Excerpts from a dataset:
+ + +

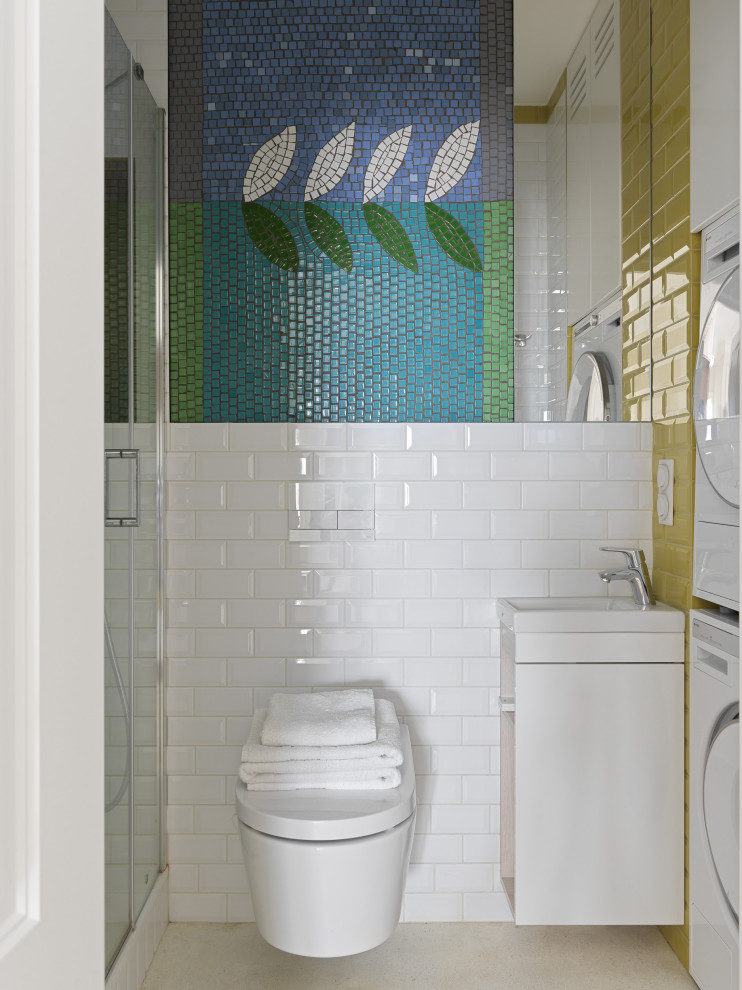Small contemporary powder room in Moscow with flat-panel cabinets, white cabinets, a wall-mount toilet, white tile, ceramic tile, white walls, terrazzo floors, a wall-mount sink, terrazzo benchtops, white floor, white benchtops and a floating vanity.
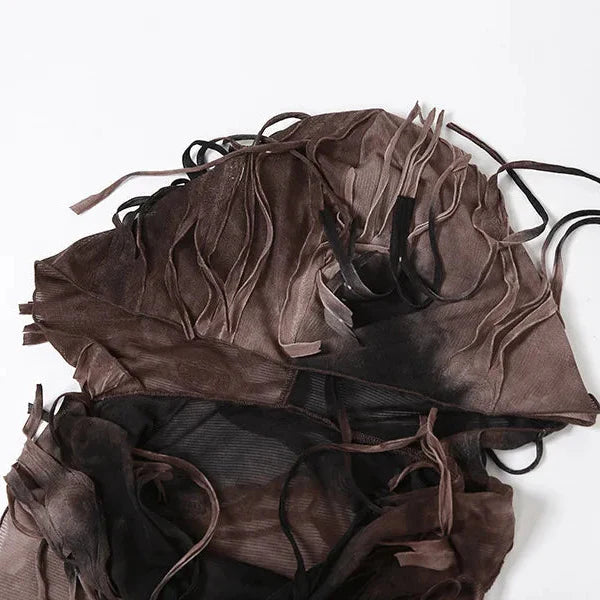 FJØRNA distressed sheer maxi dress with a flowing design and distressed fabric, perfect for a stylish, airy summer look.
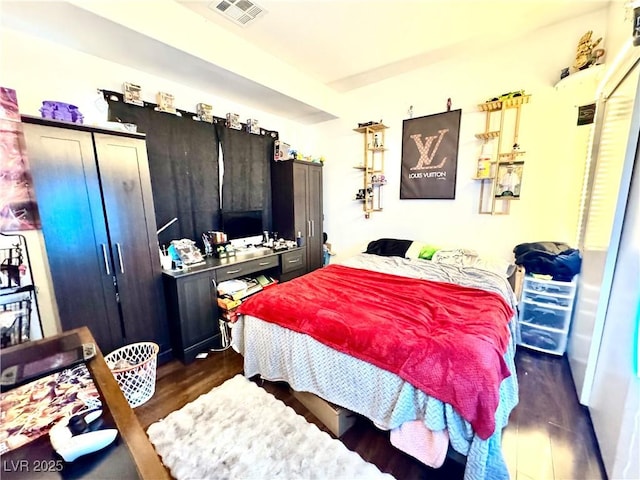 bedroom featuring dark wood finished floors and visible vents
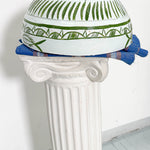 White and green dried hollowed gourd serving bowl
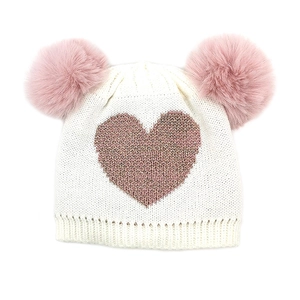 Detail of cream knit baby hat featuring pink glitter heart and soft dual pom-poms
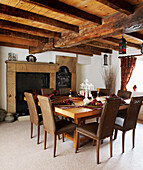 beamed ceiling in country style dining room with table and chairs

+ + +

▶ **Task directions**: Your answer should hold every record above, printed exactly and free of pictures.

▶ **Task solution**:
Small contemporary powder room in Moscow with flat-panel cabinets, white cabinets, a wall-mount toilet, white tile, ceramic tile, white walls, terrazzo floors, a wall-mount sink, terrazzo benchtops, white floor, white benchtops and a floating vanity.
 FJØRNA distressed sheer maxi dress with a flowing design and distressed fabric, perfect for a stylish, airy summer look.
 bedroom featuring dark wood finished floors and visible vents
 White and green dried hollowed gourd serving bowl
 Detail of cream knit baby hat featuring pink glitter heart and soft dual pom-poms
 beamed ceiling in country style dining room with table and chairs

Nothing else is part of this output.